What the task requires » Look below for the line holding "Der Bus stand" and the line holding "SIERRA HILLS - Residential". Transcribe exactly those lines and all lines between them, nothing more.

Recorded data »

☆ ☆ ☆

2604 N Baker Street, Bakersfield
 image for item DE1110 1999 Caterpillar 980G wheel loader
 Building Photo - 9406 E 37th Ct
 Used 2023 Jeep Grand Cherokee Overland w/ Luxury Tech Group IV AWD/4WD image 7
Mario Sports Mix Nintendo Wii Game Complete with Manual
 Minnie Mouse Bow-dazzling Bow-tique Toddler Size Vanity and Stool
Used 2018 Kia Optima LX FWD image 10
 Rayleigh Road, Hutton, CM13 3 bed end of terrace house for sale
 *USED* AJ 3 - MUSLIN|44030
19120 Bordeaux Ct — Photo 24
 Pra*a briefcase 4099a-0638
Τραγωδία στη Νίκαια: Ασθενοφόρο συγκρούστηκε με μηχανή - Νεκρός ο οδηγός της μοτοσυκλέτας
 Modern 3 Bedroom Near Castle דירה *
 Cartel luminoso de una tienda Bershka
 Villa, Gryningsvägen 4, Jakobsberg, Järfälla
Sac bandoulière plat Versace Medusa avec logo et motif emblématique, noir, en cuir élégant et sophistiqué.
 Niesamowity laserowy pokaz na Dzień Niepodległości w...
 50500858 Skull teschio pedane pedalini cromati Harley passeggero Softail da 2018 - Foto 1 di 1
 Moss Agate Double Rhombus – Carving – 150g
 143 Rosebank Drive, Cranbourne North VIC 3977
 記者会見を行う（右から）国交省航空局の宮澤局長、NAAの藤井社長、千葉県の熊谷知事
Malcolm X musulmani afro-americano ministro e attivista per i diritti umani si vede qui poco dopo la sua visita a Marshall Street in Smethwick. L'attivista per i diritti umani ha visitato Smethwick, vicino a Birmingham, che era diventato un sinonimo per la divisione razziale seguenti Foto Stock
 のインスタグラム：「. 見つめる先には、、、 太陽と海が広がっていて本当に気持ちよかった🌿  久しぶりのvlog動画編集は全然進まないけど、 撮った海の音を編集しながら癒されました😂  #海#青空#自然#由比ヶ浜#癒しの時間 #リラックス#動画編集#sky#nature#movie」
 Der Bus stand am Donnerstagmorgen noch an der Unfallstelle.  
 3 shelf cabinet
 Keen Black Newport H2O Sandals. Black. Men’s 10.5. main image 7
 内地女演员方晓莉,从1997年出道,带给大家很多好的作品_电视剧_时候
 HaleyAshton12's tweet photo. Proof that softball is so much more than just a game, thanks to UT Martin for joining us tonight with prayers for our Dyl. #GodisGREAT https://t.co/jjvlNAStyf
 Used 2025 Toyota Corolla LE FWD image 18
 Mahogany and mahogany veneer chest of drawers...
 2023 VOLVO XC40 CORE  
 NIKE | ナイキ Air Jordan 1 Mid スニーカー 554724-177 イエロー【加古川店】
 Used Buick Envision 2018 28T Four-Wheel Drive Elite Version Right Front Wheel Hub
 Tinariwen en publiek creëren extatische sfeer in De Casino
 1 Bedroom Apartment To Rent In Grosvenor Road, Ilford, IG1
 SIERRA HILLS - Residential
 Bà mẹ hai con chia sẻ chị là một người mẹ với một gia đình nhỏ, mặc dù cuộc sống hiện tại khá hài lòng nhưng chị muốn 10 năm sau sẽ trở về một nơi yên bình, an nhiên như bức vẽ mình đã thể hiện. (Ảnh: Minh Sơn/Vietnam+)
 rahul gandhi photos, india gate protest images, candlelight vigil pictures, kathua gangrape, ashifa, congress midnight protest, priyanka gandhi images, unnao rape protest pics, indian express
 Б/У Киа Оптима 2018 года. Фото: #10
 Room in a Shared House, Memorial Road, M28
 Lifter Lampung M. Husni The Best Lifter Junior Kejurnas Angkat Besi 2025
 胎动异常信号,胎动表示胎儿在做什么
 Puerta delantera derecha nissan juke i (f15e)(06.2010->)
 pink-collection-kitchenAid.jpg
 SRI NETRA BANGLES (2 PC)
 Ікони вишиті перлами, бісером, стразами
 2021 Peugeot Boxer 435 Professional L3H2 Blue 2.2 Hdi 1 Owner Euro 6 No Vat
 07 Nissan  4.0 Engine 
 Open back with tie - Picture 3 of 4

☆ ☆ ☆

Response box »
 Der Bus stand am Donnerstagmorgen noch an der Unfallstelle.  
 3 shelf cabinet
 Keen Black Newport H2O Sandals. Black. Men’s 10.5. main image 7
 内地女演员方晓莉,从1997年出道,带给大家很多好的作品_电视剧_时候
 HaleyAshton12's tweet photo. Proof that softball is so much more than just a game, thanks to UT Martin for joining us tonight with prayers for our Dyl. #GodisGREAT https://t.co/jjvlNAStyf
 Used 2025 Toyota Corolla LE FWD image 18
 Mahogany and mahogany veneer chest of drawers...
 2023 VOLVO XC40 CORE  
 NIKE | ナイキ Air Jordan 1 Mid スニーカー 554724-177 イエロー【加古川店】
 Used Buick Envision 2018 28T Four-Wheel Drive Elite Version Right Front Wheel Hub
 Tinariwen en publiek creëren extatische sfeer in De Casino
 1 Bedroom Apartment To Rent In Grosvenor Road, Ilford, IG1
 SIERRA HILLS - Residential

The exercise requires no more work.